Markets appeared to be in a holding pattern last week as traders await a fiscal cliff deal. Equities finished the week slightly in the red, pushed down by fresh concerns that lawmakers may not reach a deal this year. For the week, the S&P slid 0.32%, the Nasdaq trimmed 0.23%, and the Dow slipped 0.15%.

Despite ongoing talks, no fiscal cliff resolution is imminent. While Congress had expected to recess last Friday, lawmakers are delaying their holiday break to see the process through and may stay until Christmas, if necessary. In a new twist, sources close to the talks say that House Speaker John Boehner has offered up tax increases on incomes above $1 million as part of a deficit reduction deal to move negotiations forward. In exchange, Republicans want tax cuts extended for all incomes under that amount, as well as spending cuts to entitlement programs. While we don’t know if a deal is around the corner, this shift toward compromise on both sides is an important breakthrough.

Last week, the Fed made a huge, game-changing step towards adopting a more aggressive, expectations based monetary policy. On Wednesday, the FOMC announced QE4, promising to buy $45 billion in longer-term Treasuries on top of its monthly purchase of $40 billion in mortgage-backed securities. In an unprecedented move, the Fed also announced that it will keep interest rates low until unemployment falls to at least 6.5%, as long as inflation remains below 2.5%.

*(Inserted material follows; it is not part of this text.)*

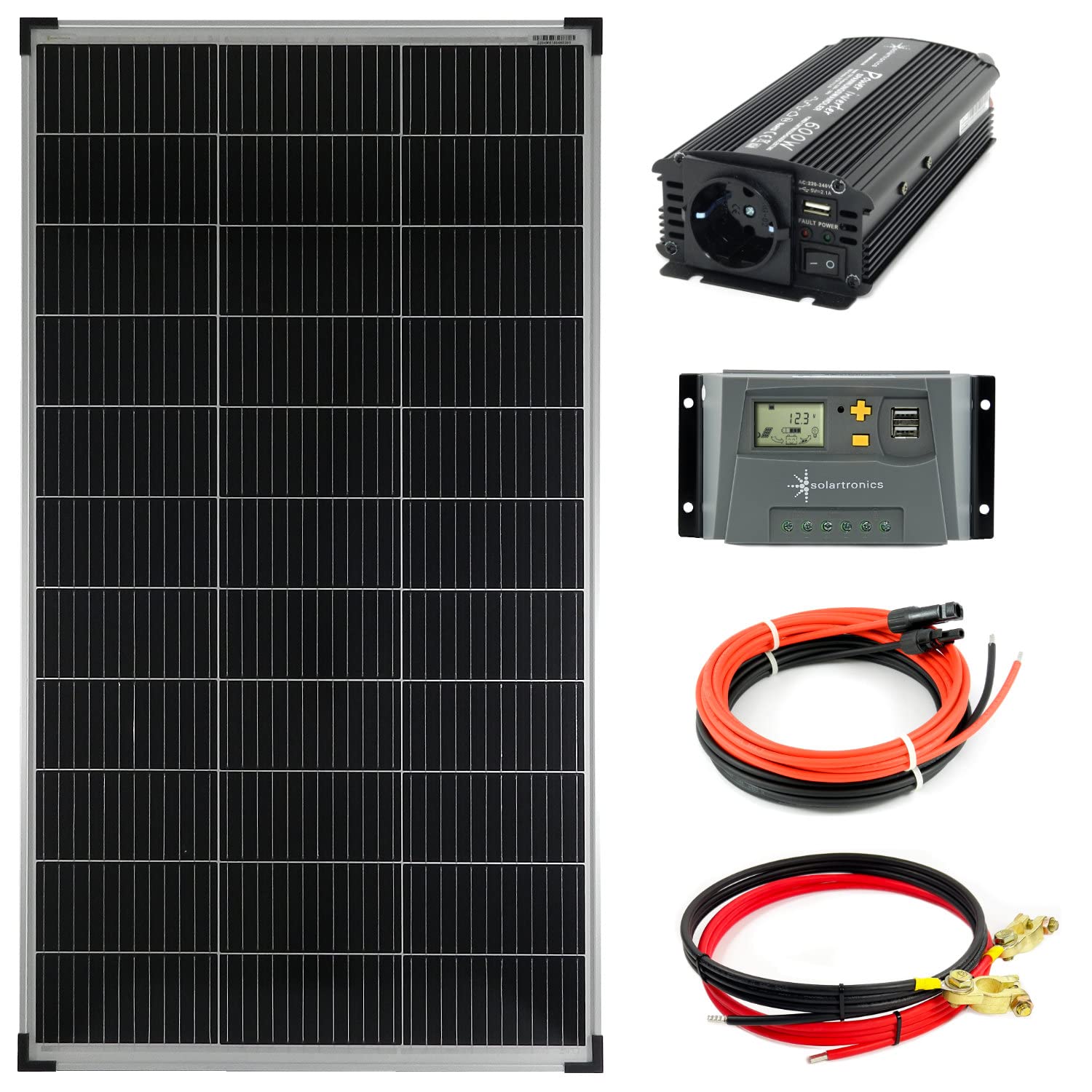 Komplettset 1x140 Watt Solarmodul 600 Watt Wandler Laderegler Photovoltaik Inselanlage von solartronics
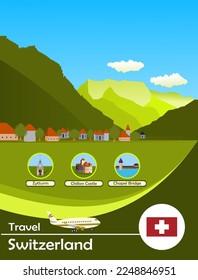 Template Design for Travel Vacation Tour Agency to Switzerland. Holiday tourism flyer or poster template design. Business Brochure, Template or Flyer design for Tour and Travel Business concept.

Tying monetary policy to specific guideposts is a fundamental shift in the way the Fed does business and moves it much closer to fiscal policy. We have hopes that this bold move will entice business leaders to move some of their cash stockpiles off of the sidelines and into the markets, giving the economy a much-needed boost. At the same time though, we’re concerned about how the Fed will ever be able to disengage (by selling off bonds) from this massive purchasing program without sending markets into a decline. Only time will tell the whole story. Next week analysts will be watching the release of GDP and unemployment numbers and waiting hopefully for more news from Washington.

On a final note, we feel compelled to acknowledge the tragic loss faced by the families of Newtown, Connecticut. Our hearts go out to the community who unjustly lost 26 precious lives. Though words cannot express the pain they are facing, may we at least be reminded how important it is to cherish our friends and family members with every moment we have.

NOTE: This will be our final commentary of 2012. Our next edition will be an annual recap sent on Tuesday, January 3rd. We urge you to take a break from the hustle and bustle of financial and political news to enjoy some undistracted time with your family and friends during the final weeks of this year, as we will also be doing.

ECONOMIC CALENDAR:

Monday: Empire State Mfg. Survey, Treasury International Capital

Tuesday: Housing Market Index

Wednesday: Housing Starts, EIA Petroleum Status Report

Thursday: GDP, Jobless Claims, Existing Home Sales, Philadelphia Fed Survey

Friday: Durable Goods Orders, Personal Income and Outlays, Consumer Sentiment

means not available.

HEADLINES:

China promises to maintain prudent monetary policy in 2013. China’s new Communist Party leaders reiterated their intention to closely monitor the country’s still-fragile economy in case more policy easing is required. Although China’s economy is recovering, weaker-than-expected November data indicates it’s not out of the woods yet.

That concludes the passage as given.